» **About this task**
In the listing below, find every line with the string "against" and pull it out.

══ Data to use

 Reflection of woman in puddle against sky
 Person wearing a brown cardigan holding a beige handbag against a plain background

════
══ Data to use

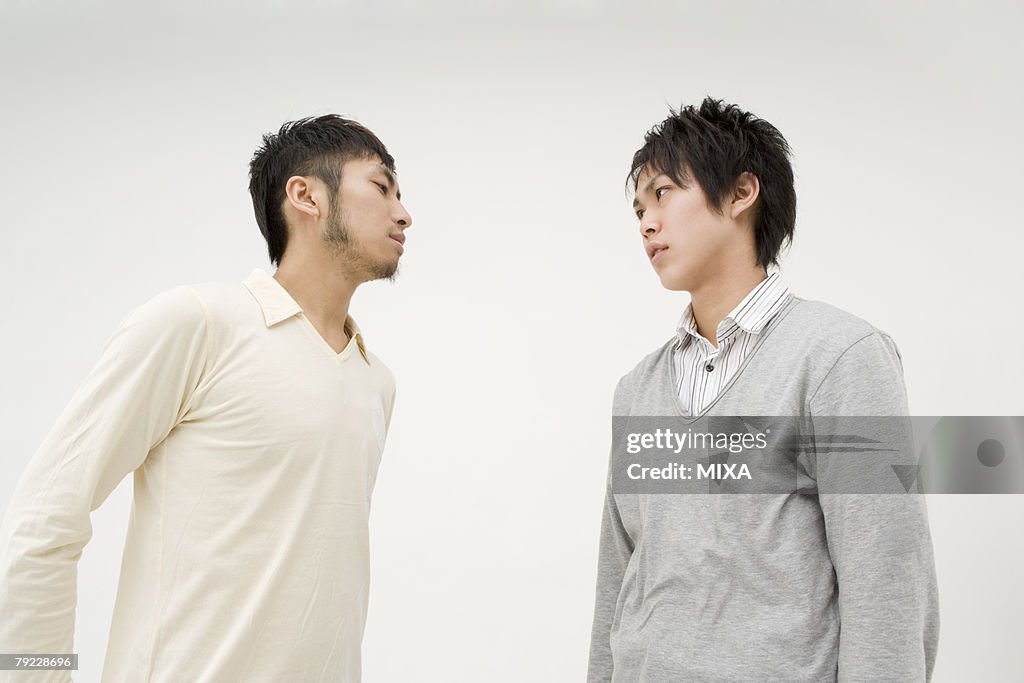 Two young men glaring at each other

════

» **Response below**
 Reflection of woman in puddle against sky
 Person wearing a brown cardigan holding a beige handbag against a plain background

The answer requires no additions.